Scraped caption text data
--*--
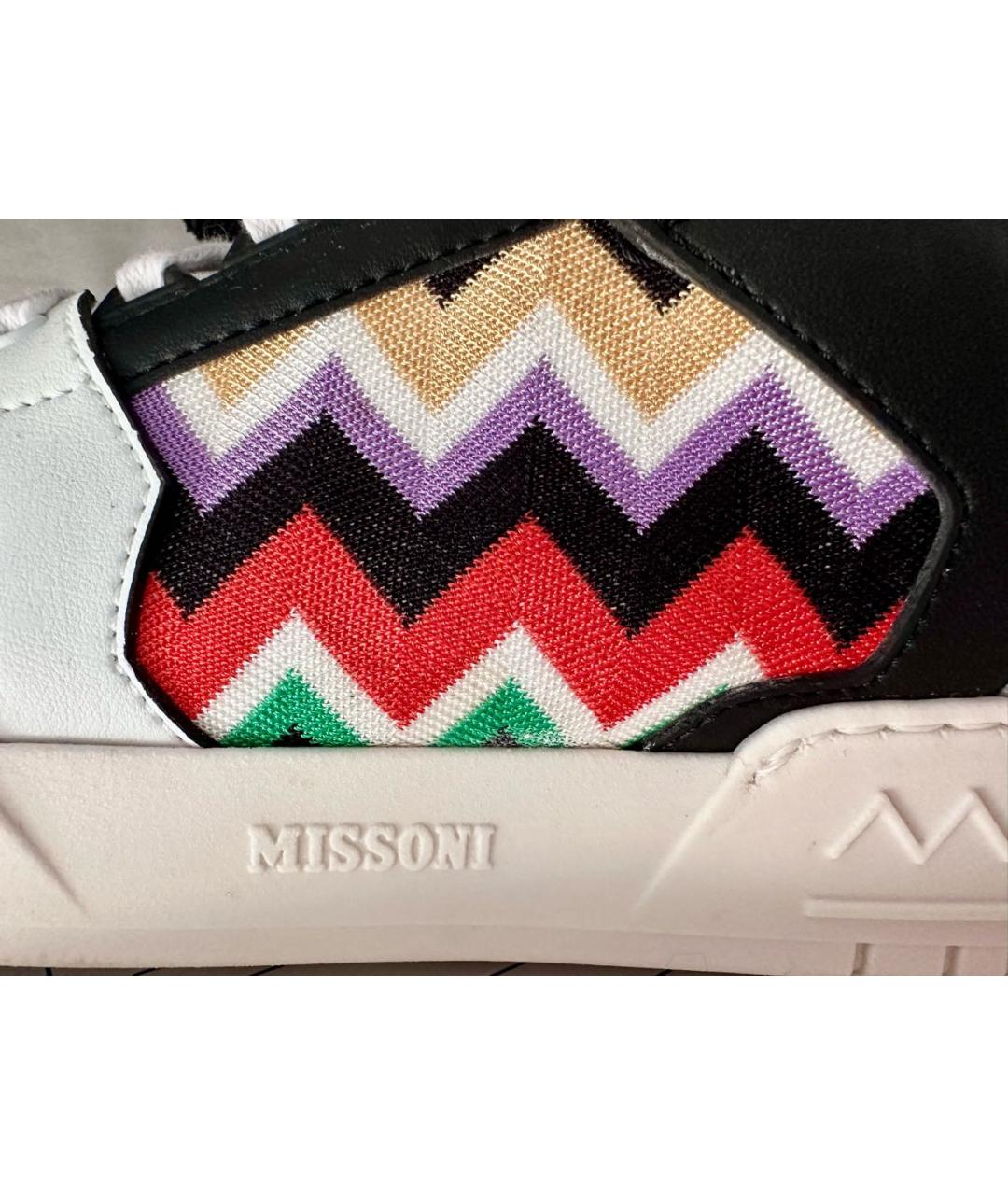 MISSONI Мульти кеды из искусственной кожи, фото 5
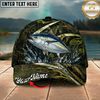 Maxcorners Fishing Woodland Camouflage Water Splash Personalized 3D Cap (12 Fish Species)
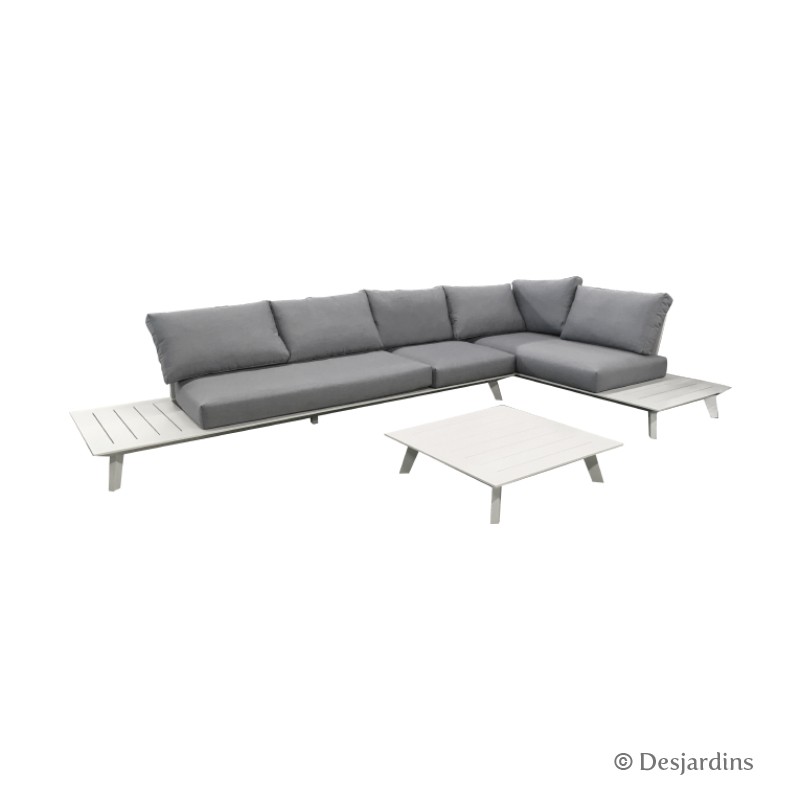 Ensemble Norwich - Blanc/gris - de la marque Desjardins Ensemble Norwich - Blanc/gris - de la marque Desjardins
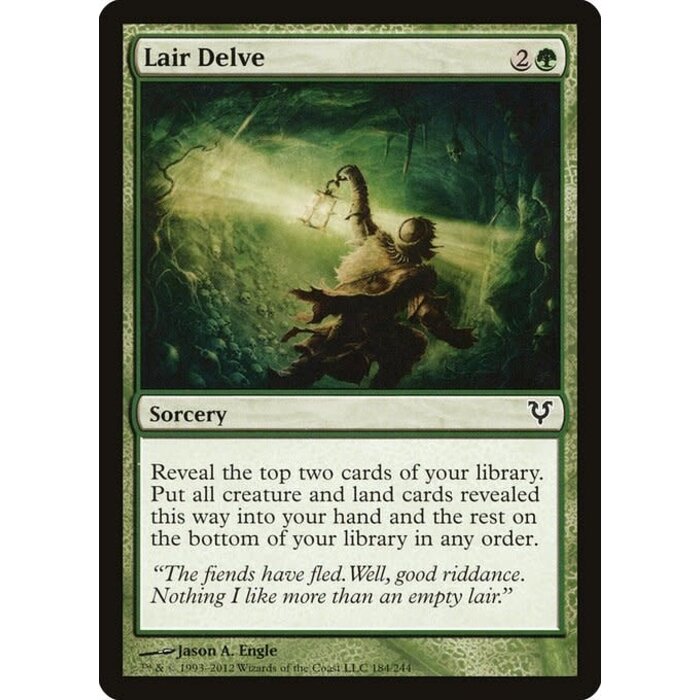 Magic: The Gathering Lair Delve (184) Heavily Played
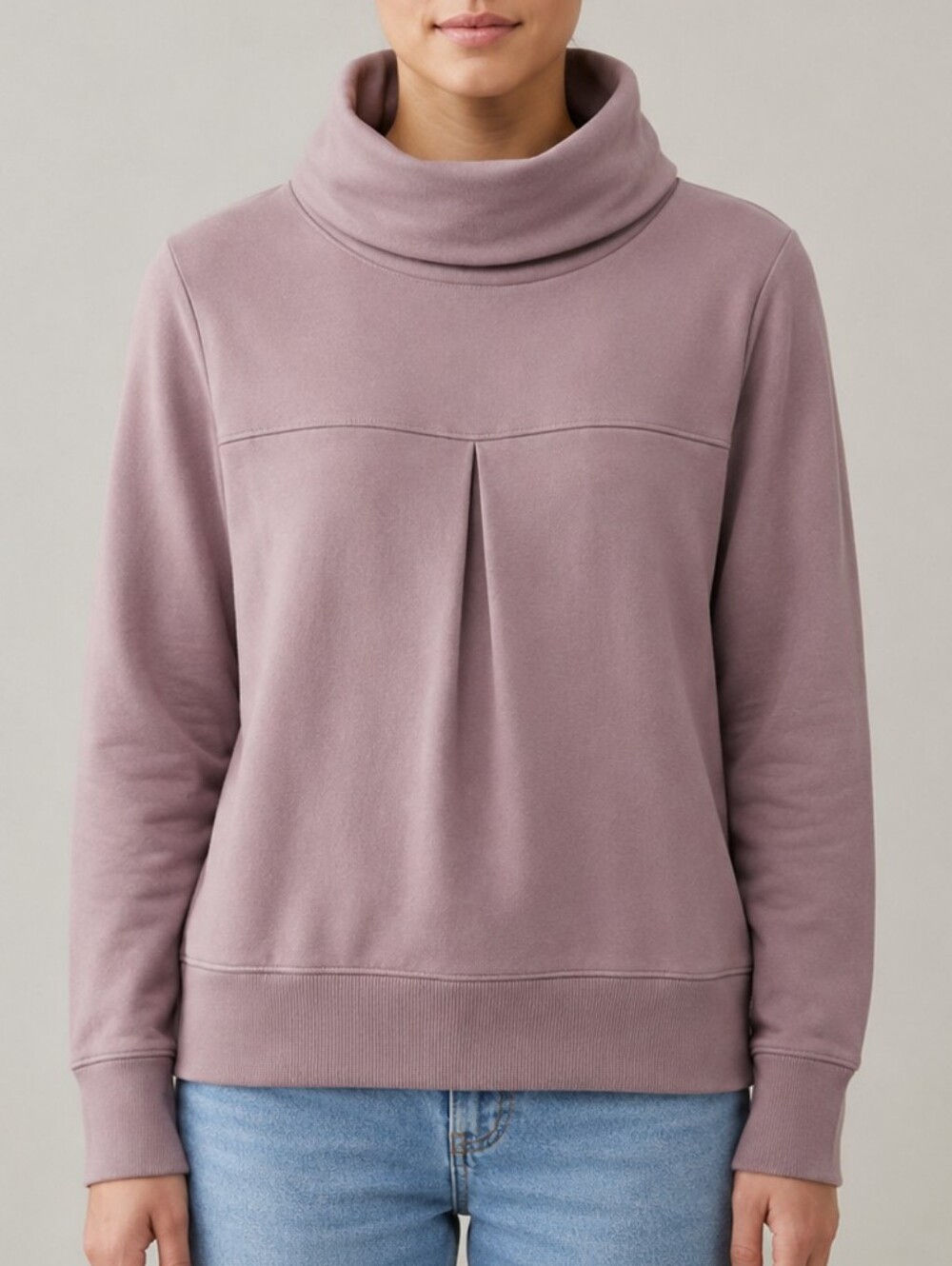Apana Cowl Neck Pullover Sweatshirt ✨ Size XS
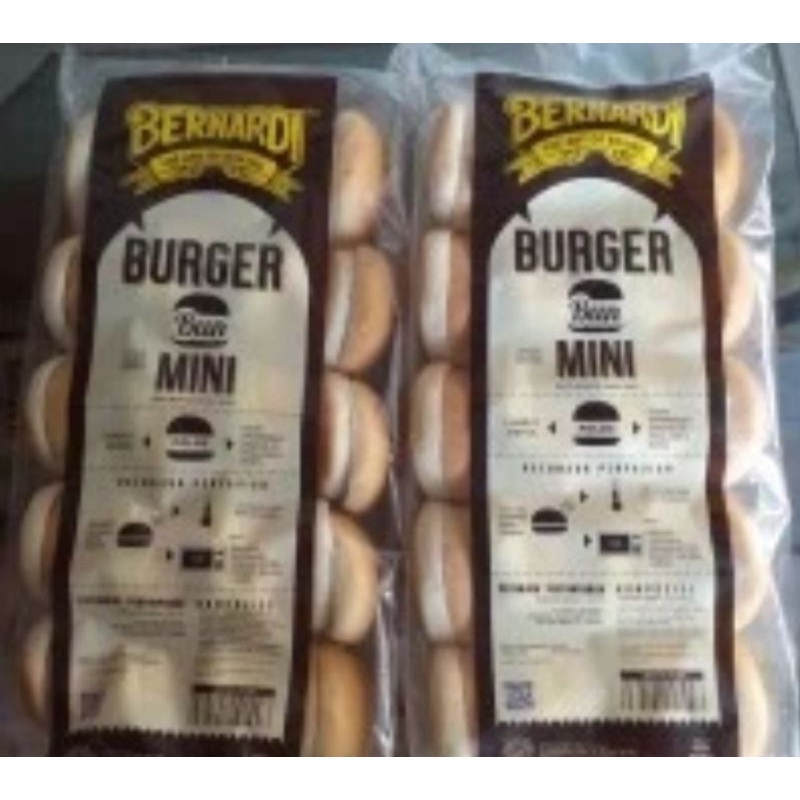 

mini Bun roti burger Bernardi isi 20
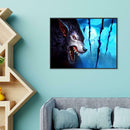5D DIY Full Drill Diamond Painting Felonious Wolf Cross Stitch Embroidery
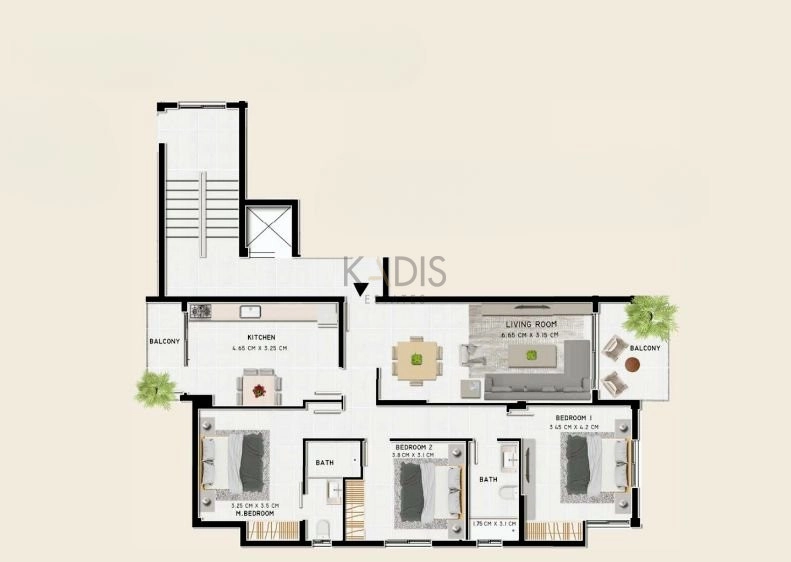 3 Bedroom Apartment for Sale in Larnaca District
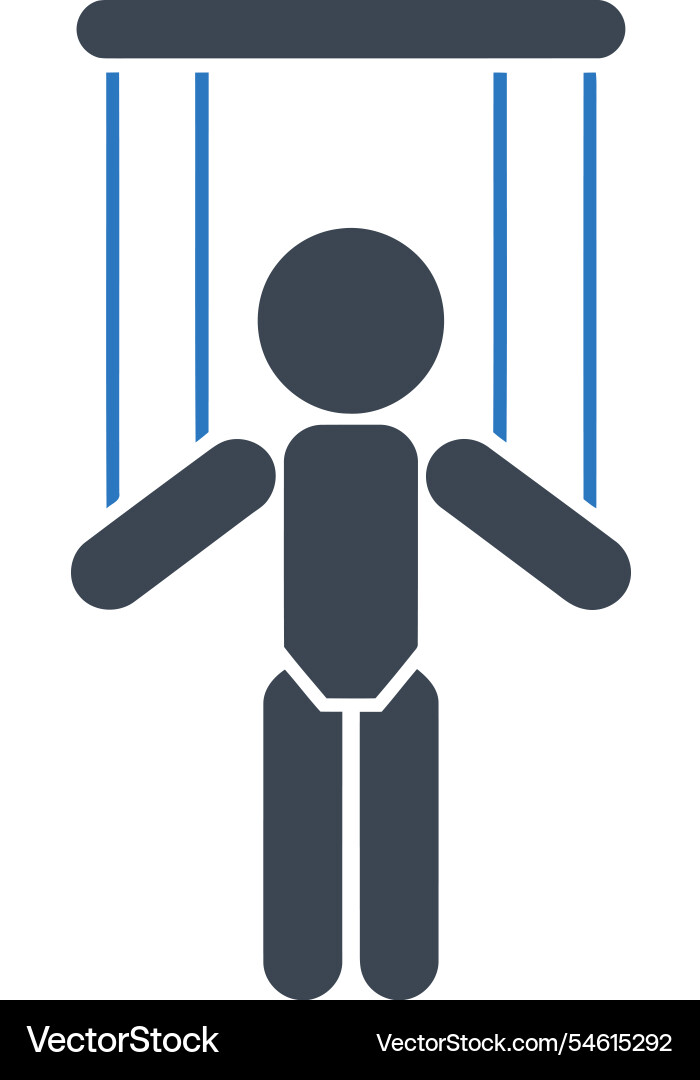 Puppet control strings icon Vector Image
--*--
Each record must be set down again without alteration, and no picture may be carried over.

- _Written answer_:
 MISSONI Мульти кеды из искусственной кожи, фото 5
 Maxcorners Fishing Woodland Camouflage Water Splash Personalized 3D Cap (12 Fish Species)
 Ensemble Norwich - Blanc/gris - de la marque Desjardins Ensemble Norwich - Blanc/gris - de la marque Desjardins
 Magic: The Gathering Lair Delve (184) Heavily Played
Apana Cowl Neck Pullover Sweatshirt ✨ Size XS

mini Bun roti burger Bernardi isi 20
5D DIY Full Drill Diamond Painting Felonious Wolf Cross Stitch Embroidery
 3 Bedroom Apartment for Sale in Larnaca District
 Puppet control strings icon Vector Image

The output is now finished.